Il Partito Democratico, in risposta alla candidatura di Beppe Grillo alla segreteria nazionale, ha risposto in due modi: dapprima è stato attaccato dall’apparato in vario modo, salvo l’unico razionale: è troppo tardi per iscriversi e candidarsi. Il motivo? Per me si sono cagati sotto e hanno parlato senza pensare.
In secondo luogo la Commissione di Garanzia gli ha rifiutato la tessera perché Grillo è a capo di un movimento politico ostile.
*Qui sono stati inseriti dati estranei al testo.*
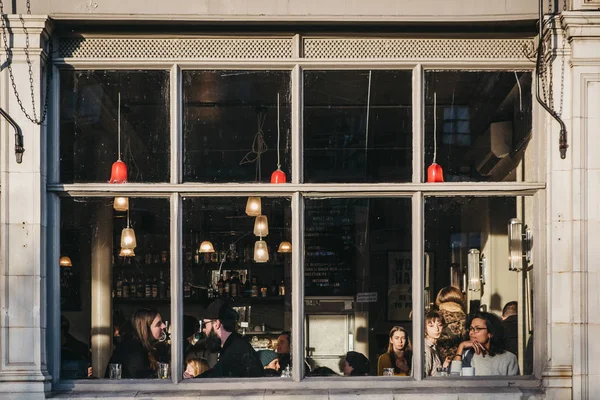 从布拉市场咖啡馆酒吧内的人群窗口可以看到 — 图库照片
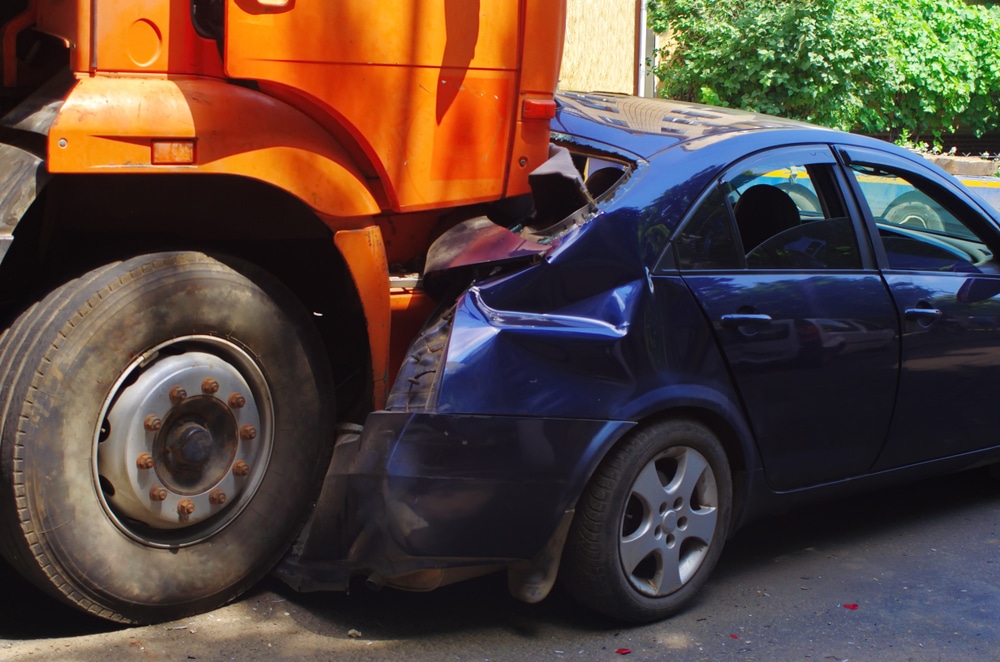 Orange tractor-trailer rear ends a blue car on the road. The driver of the car should consult with a lawyer.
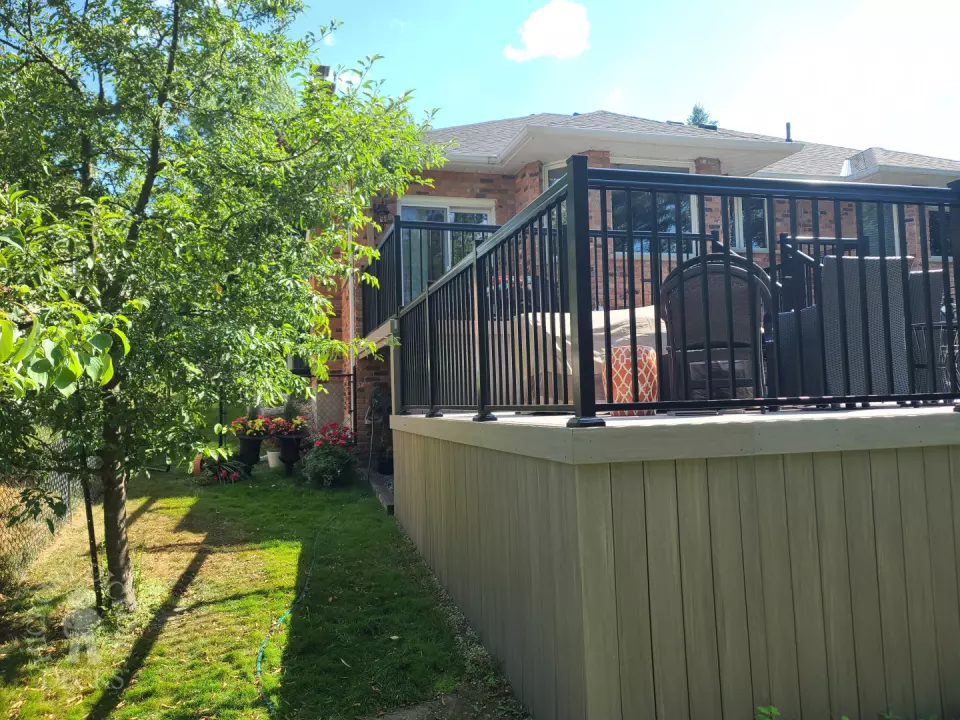 2 level grey composite deck with black aluminum railing.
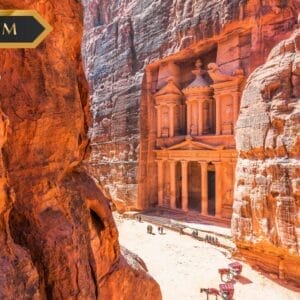 Una veduta dell'antica roccia Al-Khazneh (Il Tesoro) a Petra, in Giordania, circondata da alte scogliere rosse, con la luce del sole che evidenzia l'intricata facciata e i cammelli che riposano sotto. Nell'immagine compaiono "Bozza automatica", "PREMIUM" e il logo di SBS.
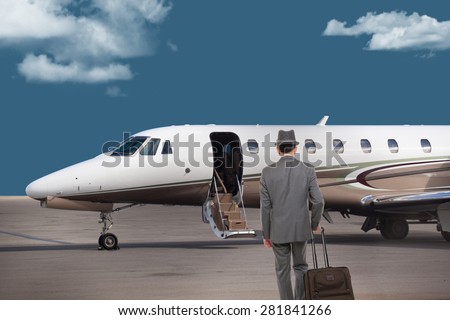 Business man walking toward a private jet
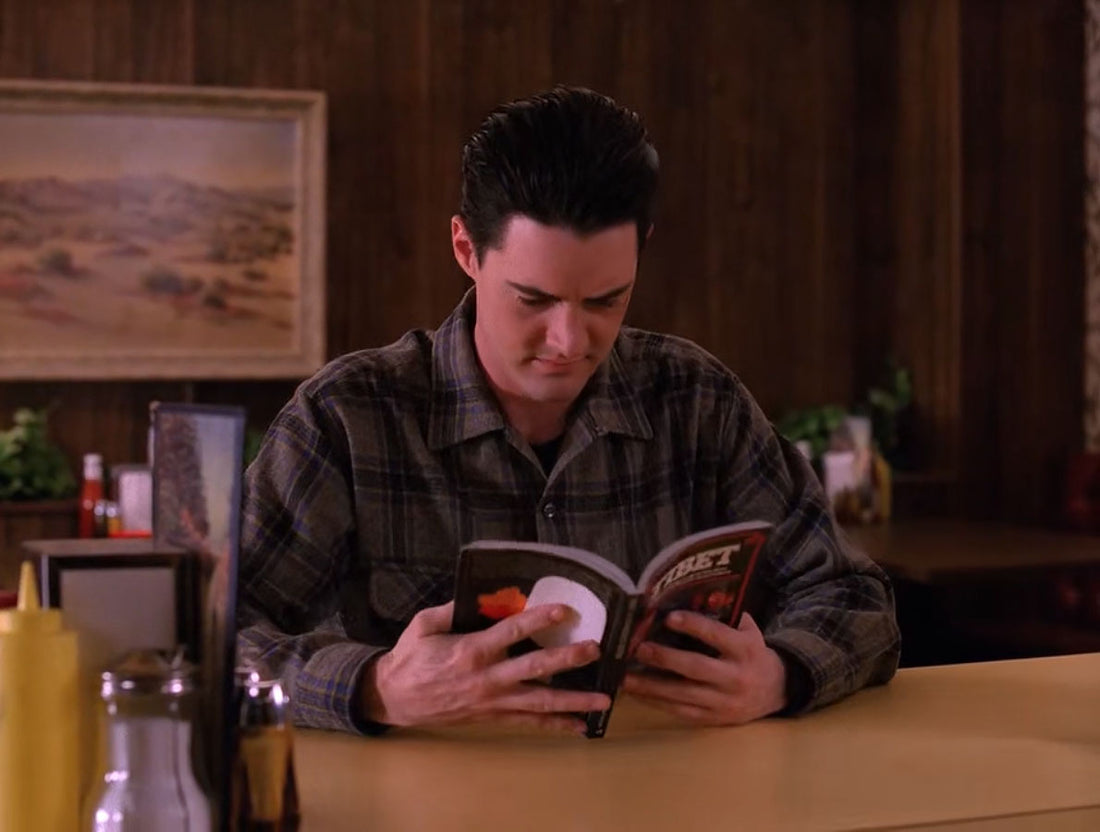Agent Cooper from Twin Peaks reading a book in the diner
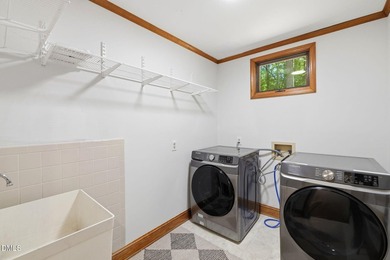 Tucked away on 5 private wooded acres with a peaceful pond, this - photo 13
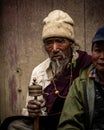 Adult Tibetan Buddhist worshiper with prayer beads at Tiji Festival in ancient Lo Manthang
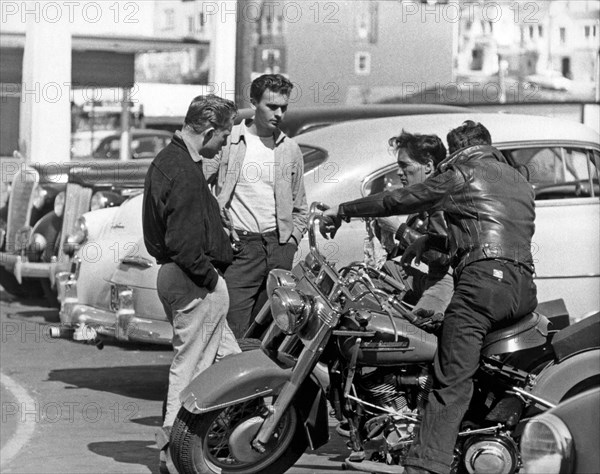 Four Youths In A Parking Lot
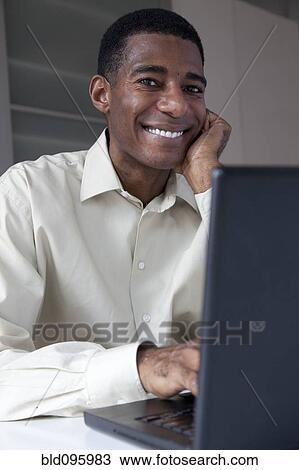 Black businessman typing on laptop View Large Photo Image Stock Image - Black businessman typing on laptop. Fotosearch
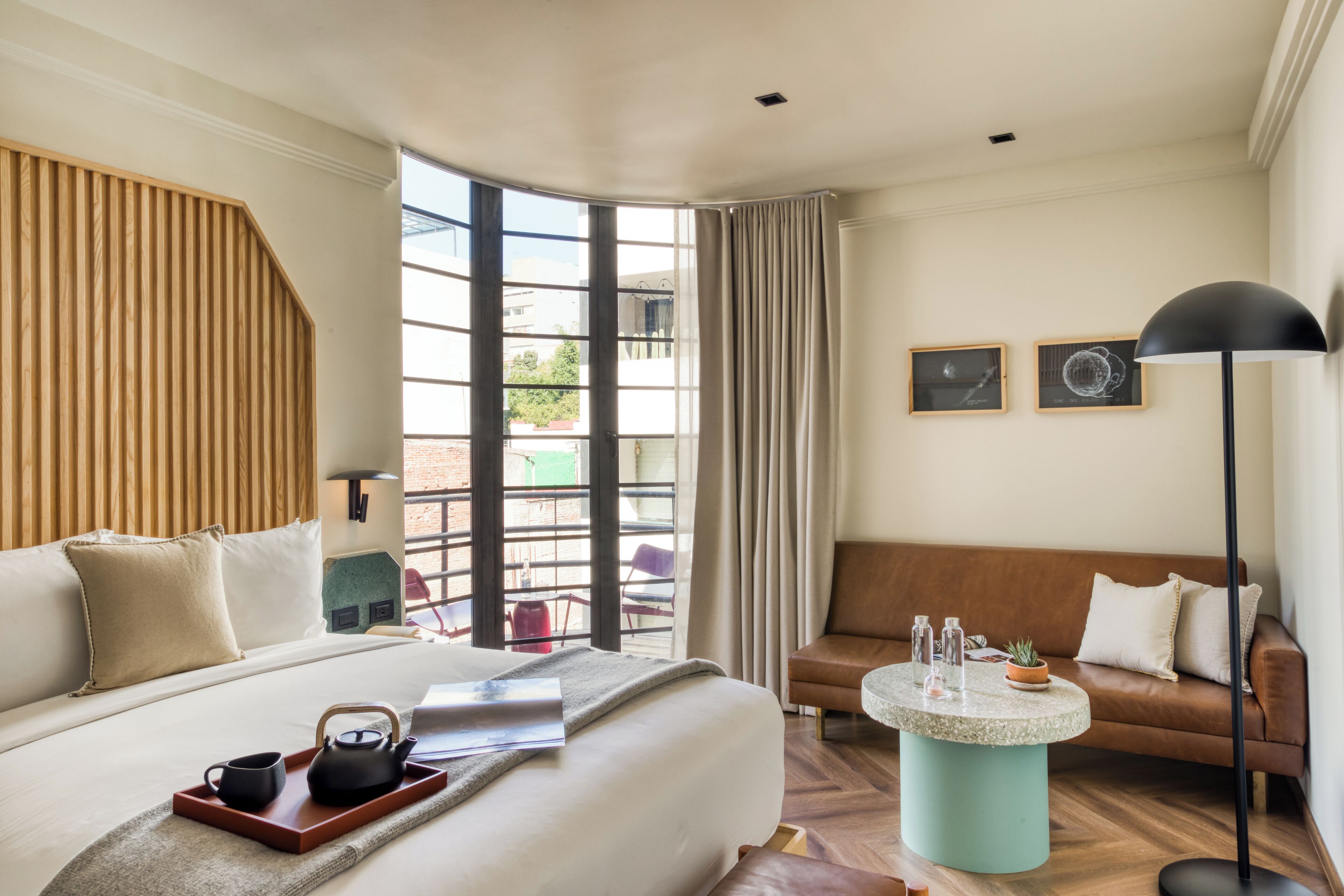 A hotel room with a large bed, a sofa, a small round table with a lamp, and a view of the outdoors.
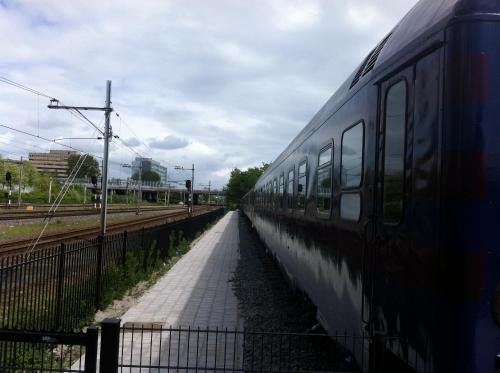 a train parked on the tracks next to a platform at Train Lodge Amsterdam in Amsterdam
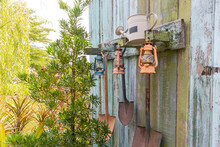 The Gardening Tools Hanging On Old Wooden Wall Vintage.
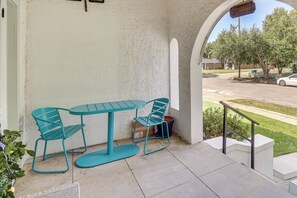 A patio with a table and chairs, a view of the street, and a railing. - Walk to Gulfport Beach! Quiet Home w/ Yard (Gulfport)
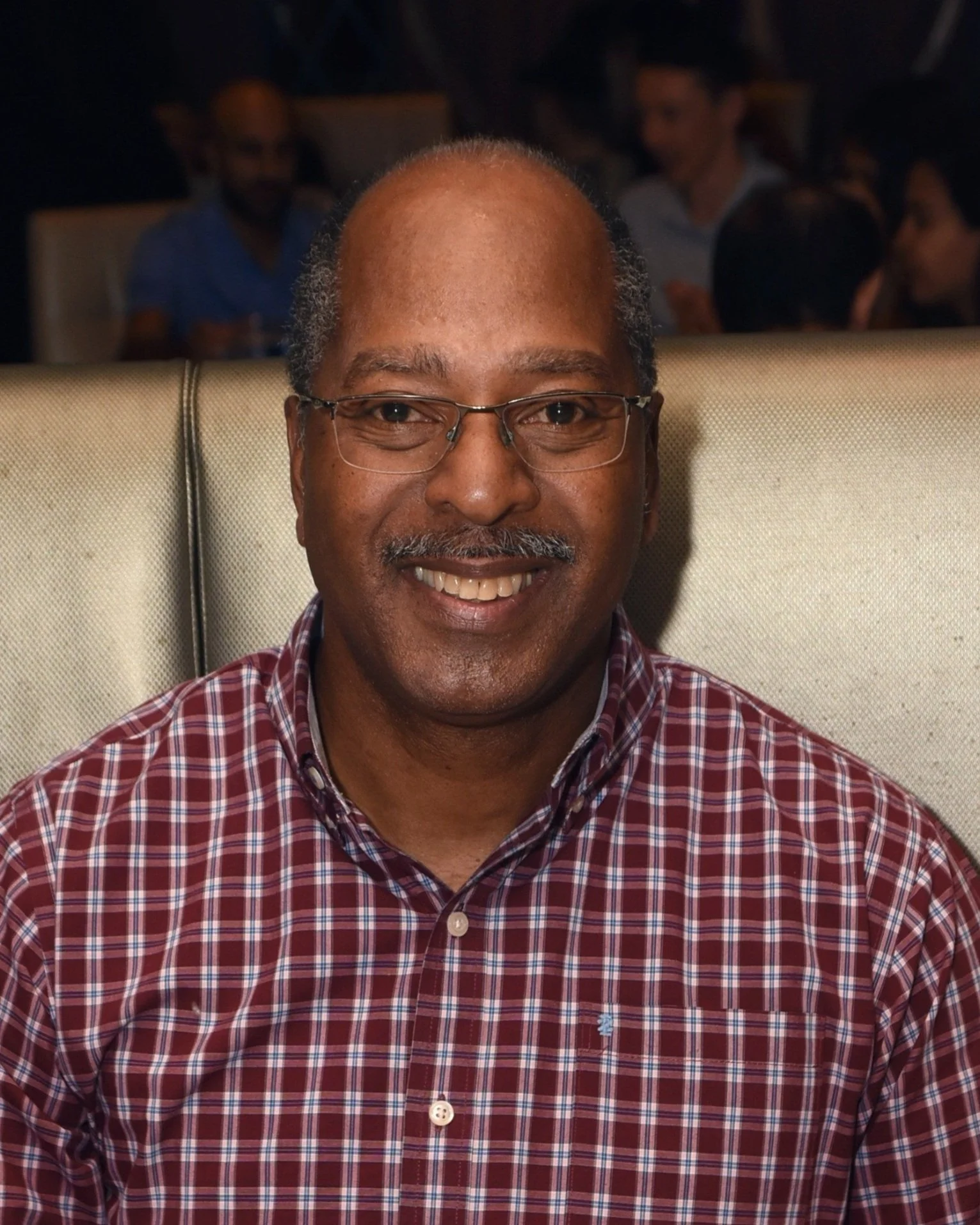 Smiling man wearing glasses and a red plaid shirt, seated indoors.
Grillo è indubbiamente il capo “spirituale” di un movimento politico. Ma che tipo di movimento è il grillismo? Volendolo far rientrare in una delle categorie americane (liberal, centristi e conservatori), i grillini sono indubbiamente liberal, e il programma presentato dalla Carta di Firenze combacia in molti punti con quello di un altro liberal più famoso, tal Barack Obama. Con questo non voglio assolutamente dire che Grillo sia l’Obama italiano: i due hanno tipi diversi di carisma, si pongono diversamente rispetto alla politica (uno è fuori, l’altro è dentro), eccetera. A noi interessa il programma.
Ora, i liberal sono cittadini che si pongono nell’area di centrosinistra, secondo le categorie italiane, che è oggi presidiata da due partiti: Partito Democratico ed Italia dei Valori (i comunisti non sono liberal). Sono questi i partiti di riferimento principali del grillismo. La differenza fra i due è la seguente: il Partito Democratico rappresenta un quarto degli italiani, l’IdV solo l’8%, questo significa che l’aspirazione di diventare (un giorno non lontano, si spera) partito di governo è più del primo che del secondo.
Data la legge elettorale vigente, l’elettore è naturalmente portato per il voto utile, ovvero tentato di votare forze in grado di superare lo sbarramento, ma soprattutto il partito che può aspirare a diventare ad esprimere un governo. In altre parole, l’elettore non vuole sprecare il suo voto votando formazioni microscopiche.
Arriviamo alla conclusione: il PD, rifiutando la tessera a Beppe Grillo, ha riconosciuto in lui la guida di un movimento politico ostile, movimento che però si troverebbe (in teoria) nella medesima zona politica dei democratici. In pratica, il PD ha dichiarato guerra ad una parte del suo potenziale elettorato.
Come si comporterà questo elettorato rifiutato dal PD? Alle ultime politiche ritengo di credere che i grillini si siano in buona parte astenuti, come da indicazioni del capo spirituale. Il resto si è disperso soprattutto verso Di Pietro, poi verso il PD e infine verso la galassia delle sinistre. Alle ultime europee, invece, gli elettori delusi del PD si sono probabilmente spostati verso gli altri partiti di riferimento, in particolare IdV.
Quali conseguenze avrà dunque questa dichiarazione di guerra contro i grillini? Molto dipenderà da come si comporterà Di Pietro: appare molto probabile che, nel percorso di consolidamento di partito iniziato dopo le europee (e quindi con la formazione di un programma politico organico e non solo basato sulla “pulizia”), accoglierà molte delle istanze dei grillini (in special modo giovani), riuscendo a intercettare un’altra fetta dell’elettorato liberal del PD. Sarebbe bello, ma è fantapolitica, vedervi convergere anche i radicali e i non comunisti di Sinistra e Libertà, ma le differenze sono ancora troppe.
Infine chiediamoci come reagirà il PD. Tutto dipenderà da chi verrà eletto segretario a ottobre, su cui tornerò in futuro. Ma personalmente nutro poche speranze a riguardo: Debora Serracchiani, che per molti rappresenta il futuro del PD, rispondendo a Grillo, ha usato parole senza dire praticamente nulla, se non: “mi dispiace, piccolino, ma queste sono cose da grandi”. La speranza sarà il programma di Ignazio Marino, che fino ad ora si è occupato solo di laicità. Il che è un bene, ma è ancora troppo poco.